Monday, December 24, 2007

Merry Christmas!

A puzzling thing about America is that some people seem to think that Christmas is an exclusively Christian holiday, such that anyone who celebrates it is ipso facto celebrating the religion. So we hear "Happy Holidays" and similarly bland, neutral greetings. It's very boring. I heartily recommend that you join the rest of the Western world and treat Christmas as a cultural celebration that anyone can partake in.

Stephen Law has a nice post that highlights the value of community rituals and traditions. He concludes:
Christmas is a celebration of peace and love, and a time to think of others, especially those less fortunate. It is a time at which we come together, at which we feel solidarity and empathy with the rest of humanity. But of course these are values and aspirations that can be shared by non-Christians too. Much of the true meaning of Christmas is open to everyone, whatever their religious beliefs.

I'm suspicious of the idea that there's any one "true meaning" for a cultural tradition like Christmas. It's presumably going to mean different things to different people, and I don't see that anyone has the authority to impose their preferred conception on anyone else. Cultural significance and shared meaning are socially constructed in the strongest sense: it's up to us to make of them what we will. If you imbue the holiday with great religious significance, that's fine. If you don't -- if you just cherish the opportunity to spend time with loved ones, and to participate in tree-decoration, gift-giving, and other fun rituals passed along through the generations -- that's fine too. The meaning(s) of Christmas emerge, bottom-up, from how we choose to conceive of it. To think otherwise is the same fallacy as thinking that dictionaries fix what words mean (and don't get me started on grammar rulebooks!). There is no such top-down authority. "Prescriptivists" might like to boss others around, but we're not obliged to listen to the petty authoritarians.

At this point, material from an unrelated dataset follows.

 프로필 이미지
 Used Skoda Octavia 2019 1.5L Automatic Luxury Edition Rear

I leave you with the greatest Xmas song ever:

Have yourself a merry merry Christmas
Have yourself a good time
But remember the kids who got nothin'
While you're drinkin' down your wine

And remember, you can still join the UNICEF Facebook Chain, here.


  1. I suppose the issue is that for those who know "christ's mass" seems a pretty christian term - although one might try going with
    Chris (Kirs Kringle /Christkindl in as far as that symbolizes the gift exchange part) plus Mass (the weight of one's stomach after too many christmas treats) Also that might be an even better summary of hte average impression than 'peace and love'.

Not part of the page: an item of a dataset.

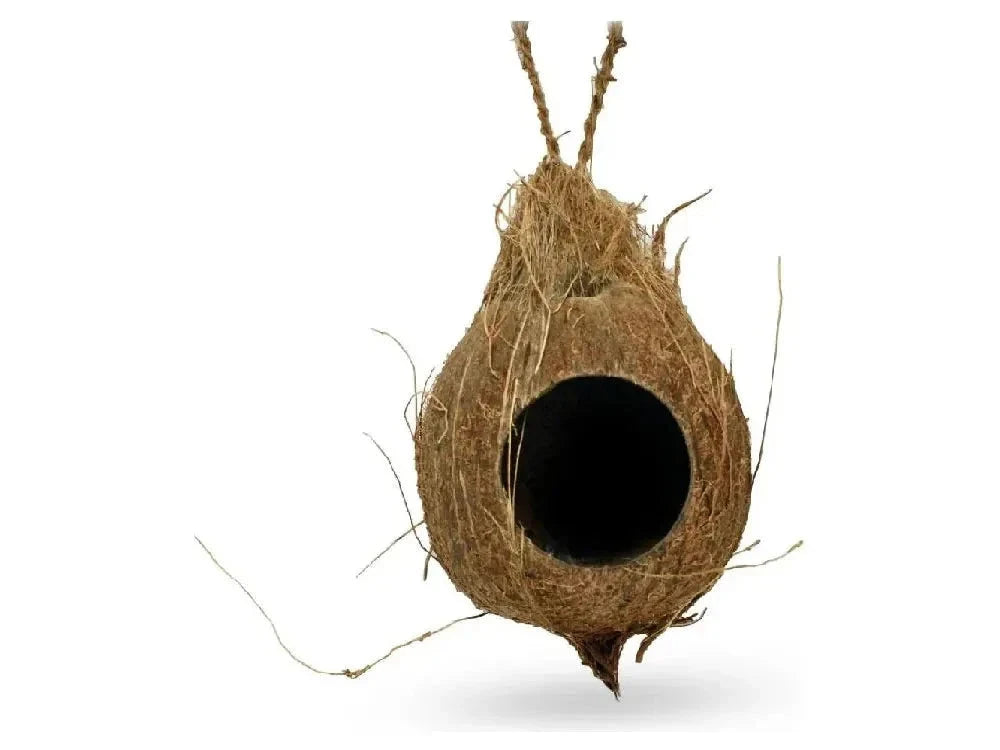 Pangea Hanging Coconut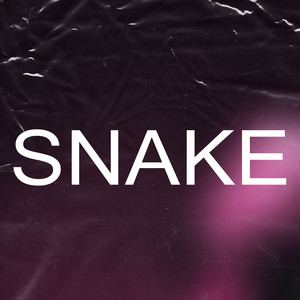 Snake by Maxi Beats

  2. Why Christmas for everyone rather than, say, Hanukkah for everyone?

    I should note I vehemently oppose Hanukkah celebrations, as I'm not that into celebrating historical events that would include my brutal murder in the relevant counterfactual. But, if we're already detaching holidays from their origins, it seems rather chauvinistic to take Christmas to be the default. Hanukkah Jelly Donuts are, after all, delicious.

  3. Sure, a secular family may celebrate whatever cultural traditions are familiar to them, and that they identify with. (As it happens, Christmas will more often qualify by these criteria than Hanukkah. There's nothing 'chauvinistic' about recognizing this. I don't claim that the pattern is necessary or universal.)

  4. Ah, but the function of the neutral "happy holidays" isn't to accomodate atheists of christian descent but to accomodate anyone of non-christian descent. The secular nature of christams shouldn't matter at all in this context, the issue merely shifting from religious pluralism to cultural pluralism, whatever one makes of it.

  5. I don't think that such attempts at cultural neutrality serve any purpose. Even if "Merry Christmas" is a culturally specific greeting in the sense that it is offered by cultural-christians, I assume the recipient may be of any culture whatsoever. That is, "Merry Xmas" is just how people in my culture greet others - any others - at this time of year. I can't imagine anyone reasonably objecting to that. (I'd be quite happy for a Jewish person to wish me "Happy Hanukkah", or whatever. I wouldn't really know what they were talking about, but hey, well-wishers are always welcome.)

    To require a culturally neutral greeting is not a form of cultural pluralism, or accommodating the expressions of many diverse cultures. It is more like anti-culturalism, the inhibition of cultural expression. Why should cultural-christians pretend that this isn't their culture? I don't see such bland neutrality as anything worth aspiring to.

  6. I'm cool with that (at least, I have no strong opinions to the contrary), I just wanted to stress that this is an inependant issue.